◆ **Work to complete**:
For the records below, copy exactly the span that begins at the line containing "New Moon Beginnings" and stops after the line containing "ChatGPT Developer Mode toggle", minus any pictures.

◆ **Data provided**:
Content starts

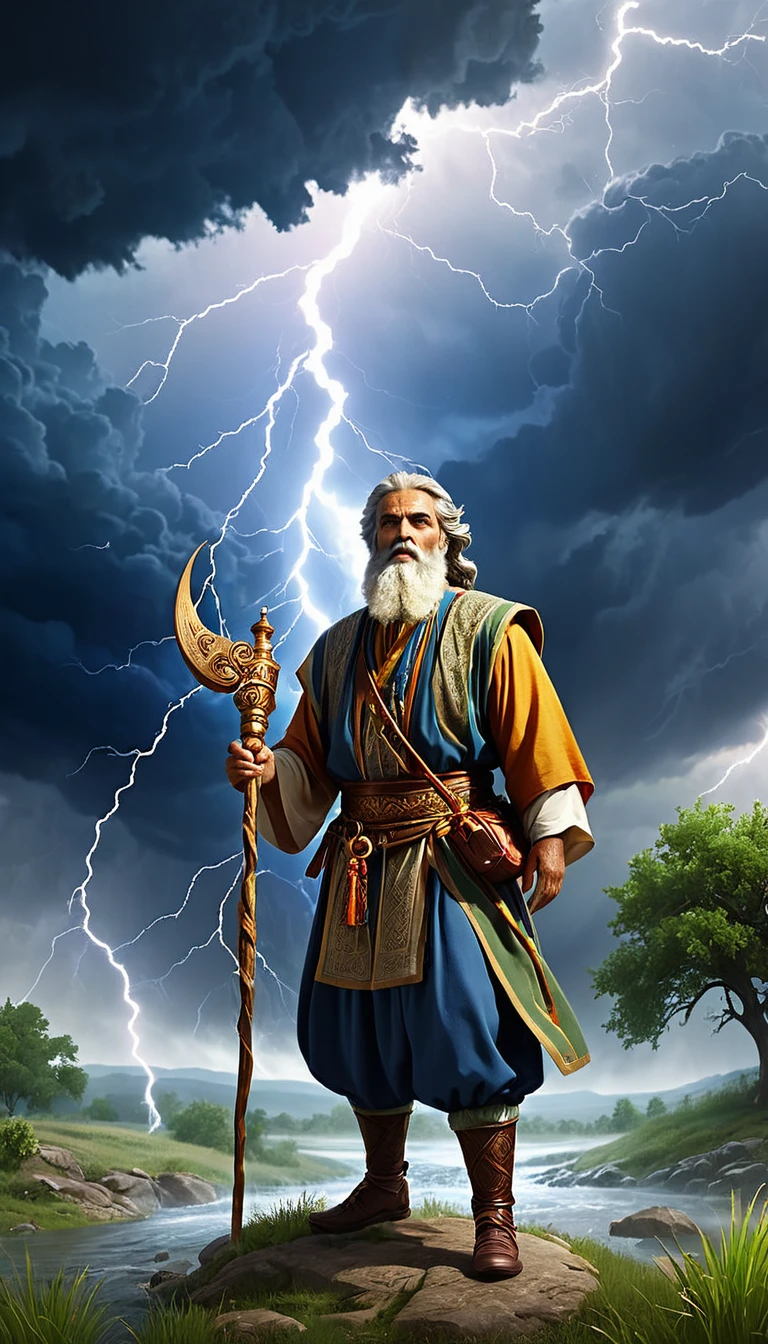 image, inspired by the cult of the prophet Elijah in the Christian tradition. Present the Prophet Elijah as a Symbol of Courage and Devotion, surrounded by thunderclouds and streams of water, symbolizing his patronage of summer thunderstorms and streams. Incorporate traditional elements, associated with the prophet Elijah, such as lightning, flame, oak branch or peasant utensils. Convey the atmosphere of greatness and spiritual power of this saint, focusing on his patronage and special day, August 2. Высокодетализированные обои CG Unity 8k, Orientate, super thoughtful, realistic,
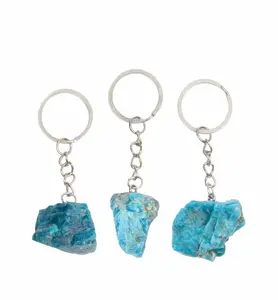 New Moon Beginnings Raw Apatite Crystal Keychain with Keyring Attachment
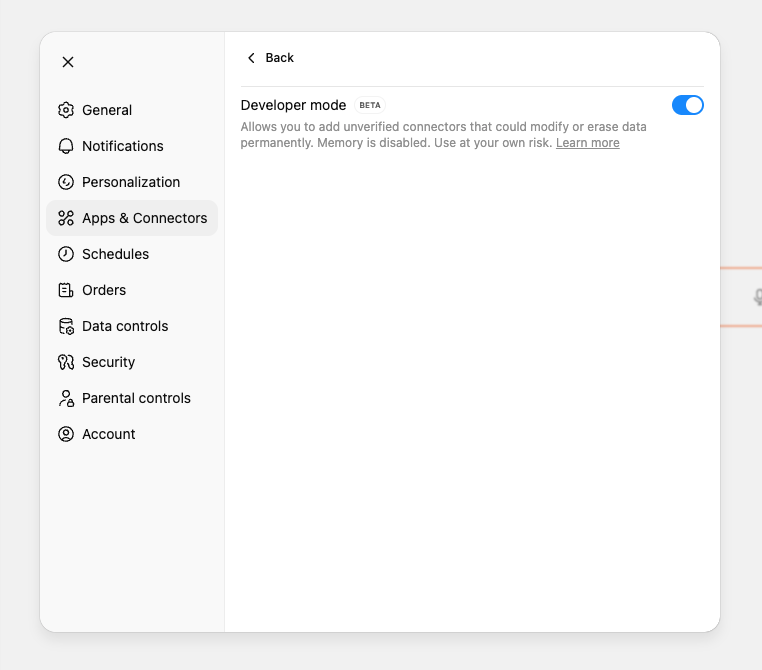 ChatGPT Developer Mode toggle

Content ends
Content starts

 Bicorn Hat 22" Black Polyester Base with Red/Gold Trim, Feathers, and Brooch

Content ends
Content starts

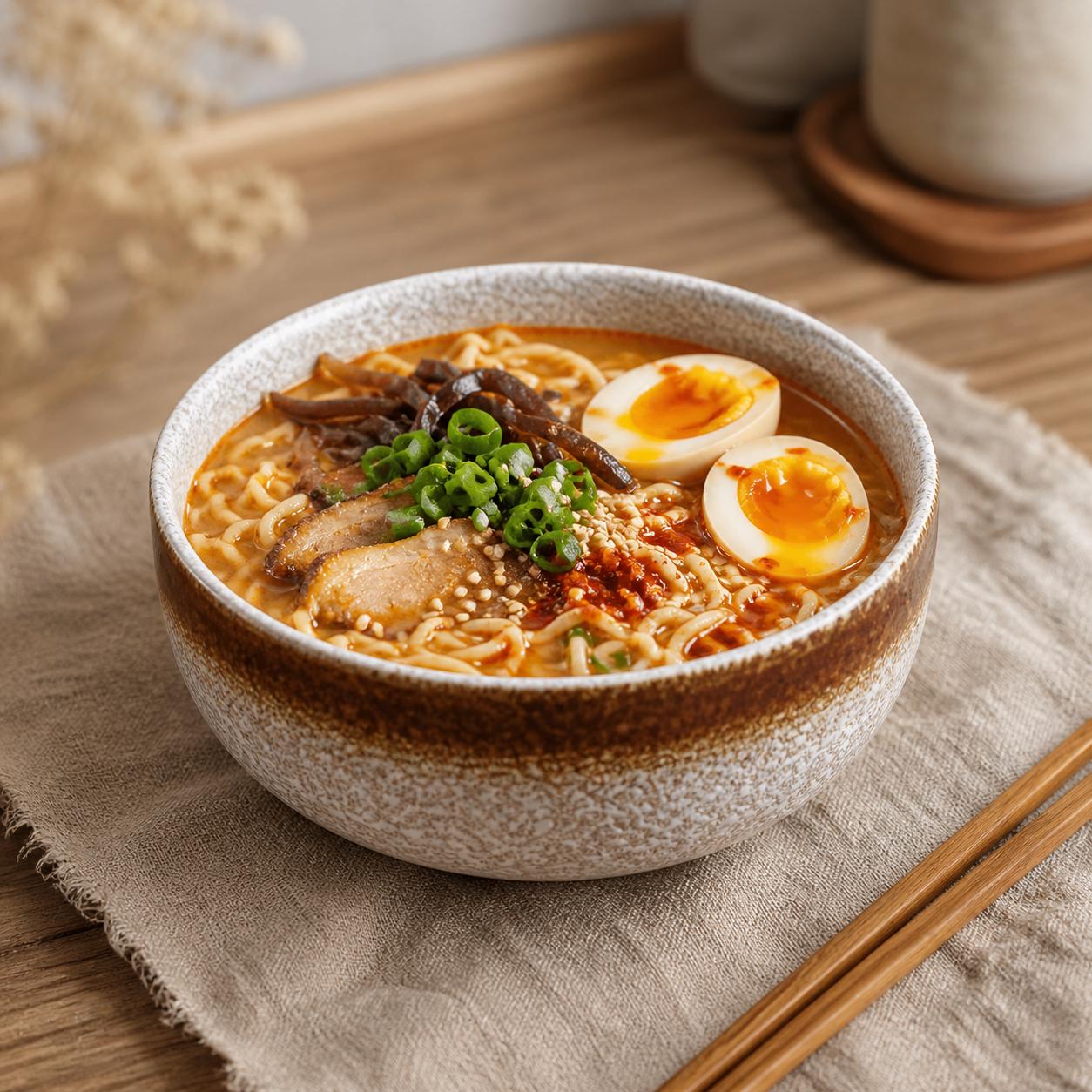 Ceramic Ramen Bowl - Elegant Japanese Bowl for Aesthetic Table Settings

Content ends

◆ **Response area**:
 New Moon Beginnings Raw Apatite Crystal Keychain with Keyring Attachment
 ChatGPT Developer Mode toggle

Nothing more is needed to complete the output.